▶ _Dataset excerpts_
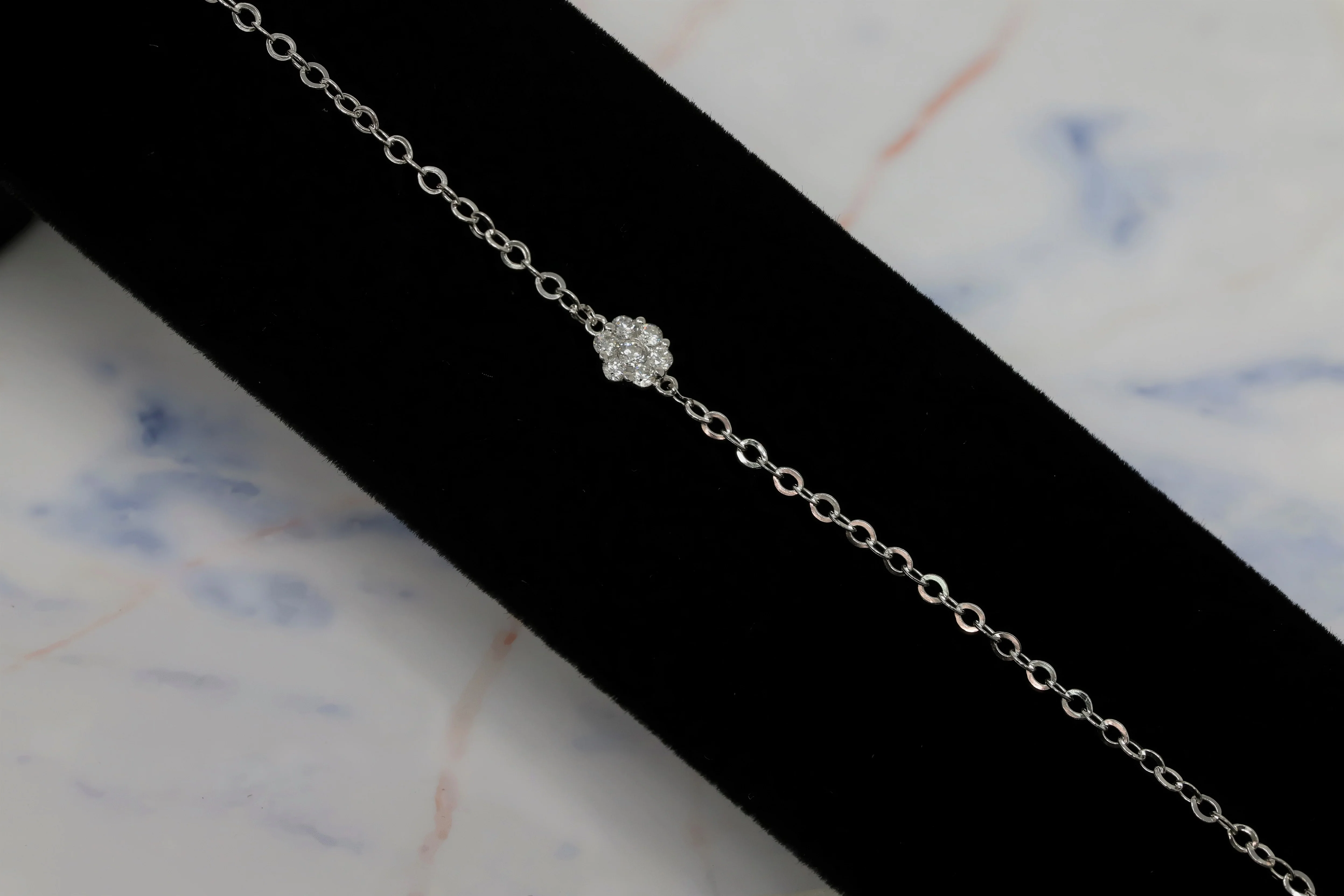 14K White Gold Lab Grown Diamond 1/5 Ct Flower Bracelet with IGI Certificate - Image 7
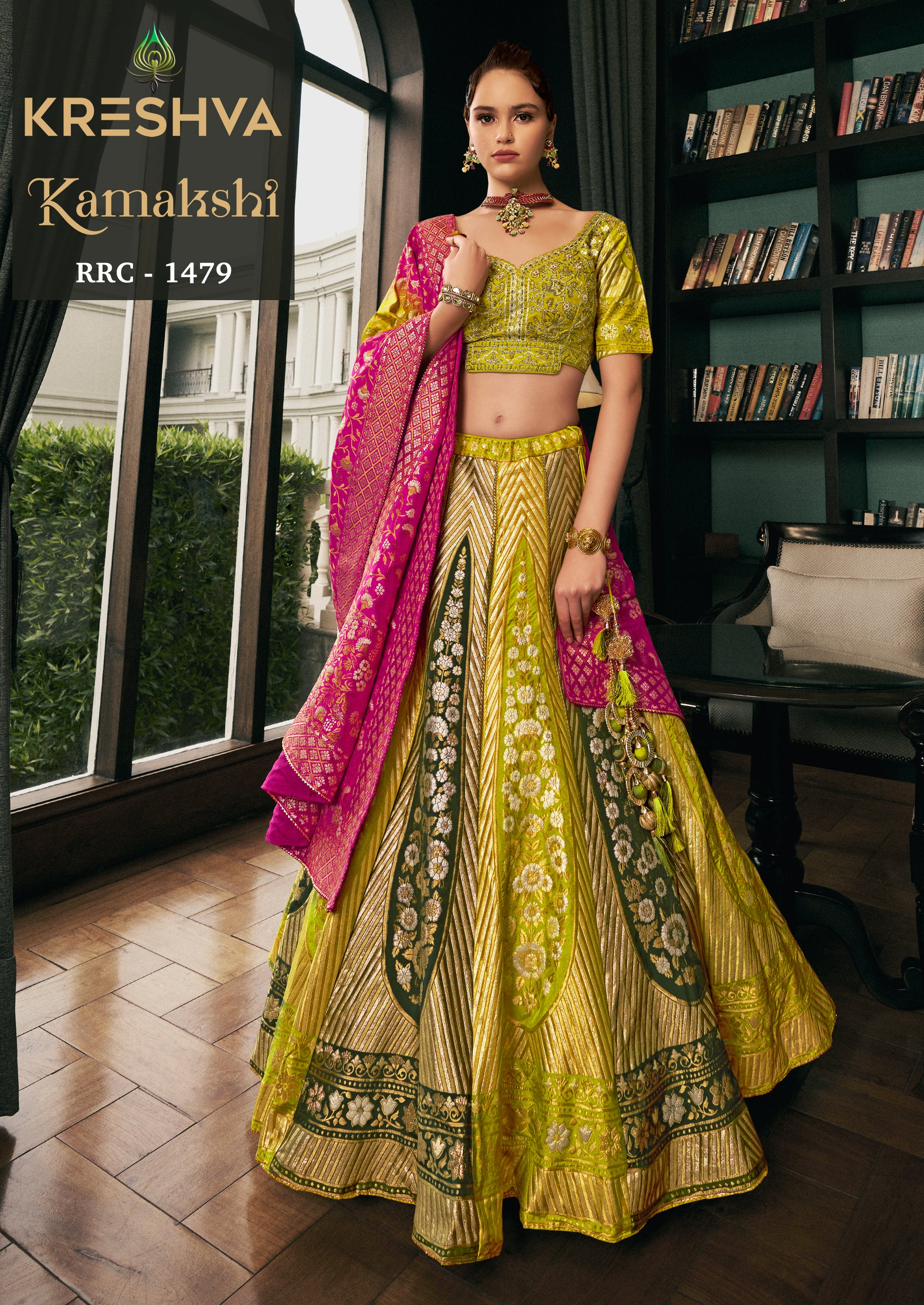 Lime Green & Gold Banarasi Silk Lehenga with Magenta Pink Contrast Dupatta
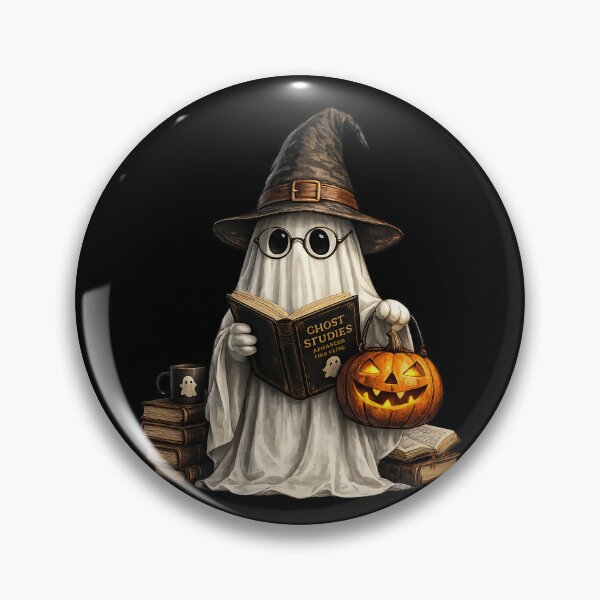 Item preview, Cute Ghost Reading Book with Pumpkin | Witch Halloween Book Lover Vintage Graphic designed and sold by HectorStore11.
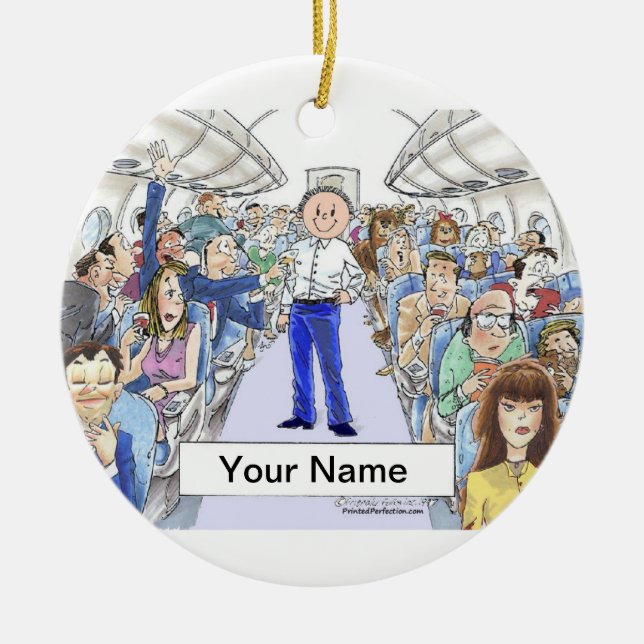 Flugbegleiter - Mann Keramikornament (Vorne)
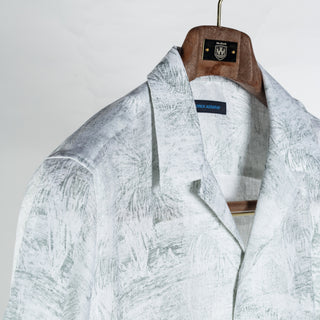 PYA Light Green Botanical Print Linen Camp Collar Shirt - Linen, Regular Fit, Textured - Detail View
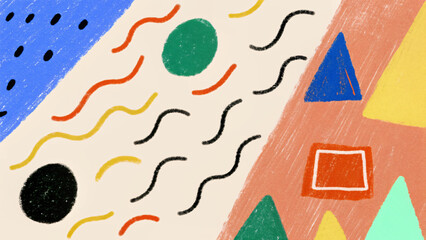 Playful Abstract Composition with Geometric Shapes and Textured Surfaces in a Modern Artistic Style Design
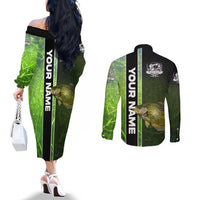 Crappie Fish Green Underwater Graphic Couples Matching Off The Shoulder Long Sleeve Dress and Long Sleeve Button Shirt with Custom Name and Fishing Logo Design - Wonder Print Shop
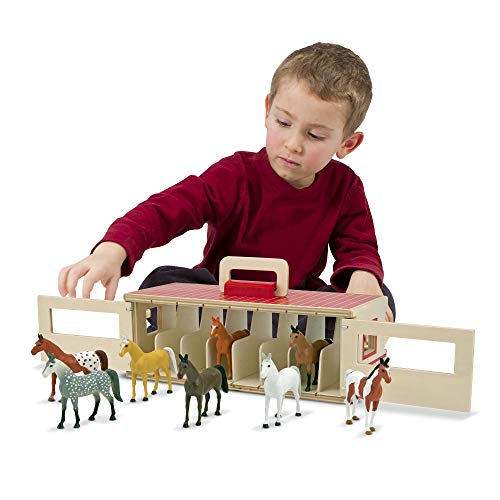 Melissa & Doug- Take-Along Show Horse Stables Establo de Caballos Juego, 3-7 Años, Multicolor (13744)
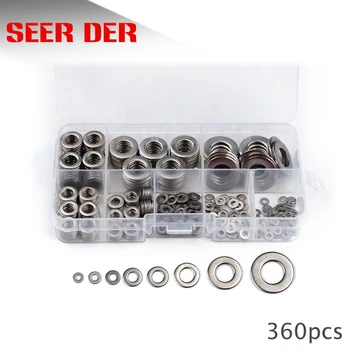 

360pcs Car Stainless Steel Washer Flat Ring Seal Kit Oil Seal Sheet Gasket Garage Engine Washer M2 2.5 3 4 5 6 8 10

▶ _Aim of the exercise_
The data above holds the lines to copy: start at the one with "PYA Light Green", stop at the one with "Playful Abstract Composition", include both, copy them exactly without pictures, and copy nothing else.

▶ _Expected answer_
 PYA Light Green Botanical Print Linen Camp Collar Shirt - Linen, Regular Fit, Textured - Detail View
 Playful Abstract Composition with Geometric Shapes and Textured Surfaces in a Modern Artistic Style Design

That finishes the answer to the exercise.